Stackless KD-Tree Traversal

I have a working, reasonably optimized, speedy GPU stackless kd-tree traversal implementation! Over the past few days, I implemented the history flag-esque approach I outlined in this post, and it works quite well!

The following image is a heatmap of a kd-tree built for the Stanford Dragon, showing the cost of tracing a ray through each pixel in the image. Brighter values mean more node traversals and intersection tests had to be done for that particular ray. The image was rendered entirely using Takua Render's CUDA pathtracing engine, and took roughly 100 milliseconds to complete:

  ...and a similar heatmap, this time generated for a scene containing two mesh cows, two mesh helixes, and some cubes and spheres in a box:

Although room for even further optimization still exists, as it always does, I am quite happy with the results so far. My new kd-tree construction system and stackless traversal system are both several orders of magnitude faster and more efficient than my older attempts.

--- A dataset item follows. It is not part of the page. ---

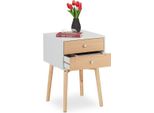 Comodino Bianco Con 2 Cassetti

Here's a bit of a cool image: in my OpenGL debugging view, I can now follow the kd-tree traversal for a single ray at a time and visualize the exact path and nodes encountered. This tool has been extremely useful for optimizing... without a visual debugging tool, no wonder my previous implementations had so many problems! The scene here is the same cow/helix scene, but rotated 90 degrees. The bluish green line coming in from the left is the ray, and the green boxes outline the nodes of the kd-tree that traversal had to check to get the correct intersection.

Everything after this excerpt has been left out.